ObsceneOrCulturallyInappropriateProgrammingTerms are words or phrases people may use in programming (or computers in general) that groups of people take offense to due to their language. Sometimes these terms are meant to "shock" or enrage, to drive a negative point home. Other times these phrases are more entrenched in techological culture.
Personally, I find the whole MasterSlave schism to be a load of fetid dingo's kidneys. The terminology is accurate and appropriate to its use. And perhaps more importantly, there is no ambiguity as to which sense of the terms is meant. The MasterSlave terminology clearly and explicitly describes the way two devices are linked together, and is in no way a reference to any instance of historical slavery. This differs from RapeAndPasteProgramming terminology in a number of ways, the most important being that RapeAndPasteProgramming is not the most accurate description available, nor is the exact sense of the term "rape" used in the phrase unambiguous. Oh, and a side note: it's not culturally inappropriate if people in the culture use it. It may be politically incorrect, but that's another issue. There are plenty of politically incorrect things that are still culturally acceptable. (Depending to some degree on whose culture we're talking about) --OwenAnderson
What's happening with the MasterSlave "schism" (I think that's probably too dramatic of a word) is a collision of two uses of a word; the technical sense of the word may be accurate and appropriate, but when such words re-enter the vernacular there can be a problem when the traditional uses of the word carry unsavoury connotations. It bears remembering that jargon terms come by their meaning through continued usage, not necessarily through any sort of logic, like the Chinese Postman problem (http://www.nist.gov/dads/HTML/chinesePostman.html ), the four Russians algorithm, or even the "mouse". I don't think anyone would deny that in everyday usage, "MasterSlave" has some disagreeable connotations, like slavery, and for those of us who primarily use the jargon meaning, that does bear remembering.

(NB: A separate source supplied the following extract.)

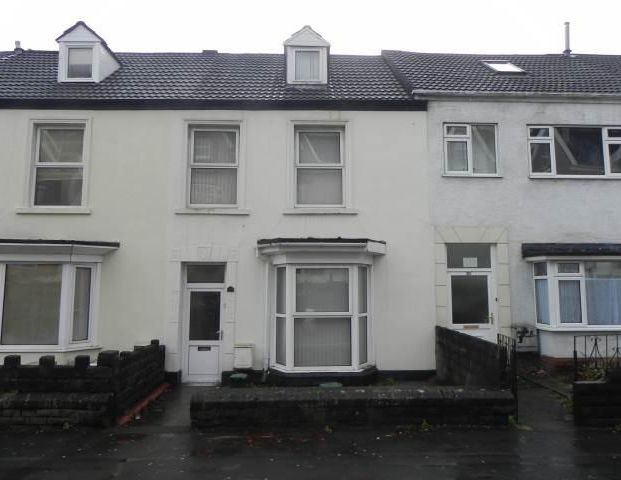 6 bedroom house to rent - Photo 1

Except that, unlike in the case of RapeAndPasteProgramming, it is perfectly clear what it is meant by the terminology, and it is equally clear that it is an accurate description. Nobody with an IQ above 13 would suppose it to be a reference to African-American slavery or indeed to anyone else's slavery (after all, the African-Americans don't have a monopoly on the word) rather than an accurate description of a technical function. Your jargon argument breaks down in that there is logic in this terminology, rather than just a traditional name like the Chinese Postman. --OwenAnderson
I'm not arguing that the technical sense of the term isn't clear. What I don't buy is that it can be both an accurate, logical description and have no connection to actual slavery. If it's not "just a traditional name," then where else could the logic of the term have originated except by direct reference to slavery? This is not an argument for abandoning the term, simply an observation. I think ignoring this and blaming the whole debate on the evils of political correctness is slightly short-sighted; one of the ways language evolves is by the adoption and rejection of particular usages: for instance "firefighter" vs. "fireman", "gay (in 1950)" vs. "gay (in 1920)", or, for that matter, "computer" as an algorithmic machine instead of a person doing sums.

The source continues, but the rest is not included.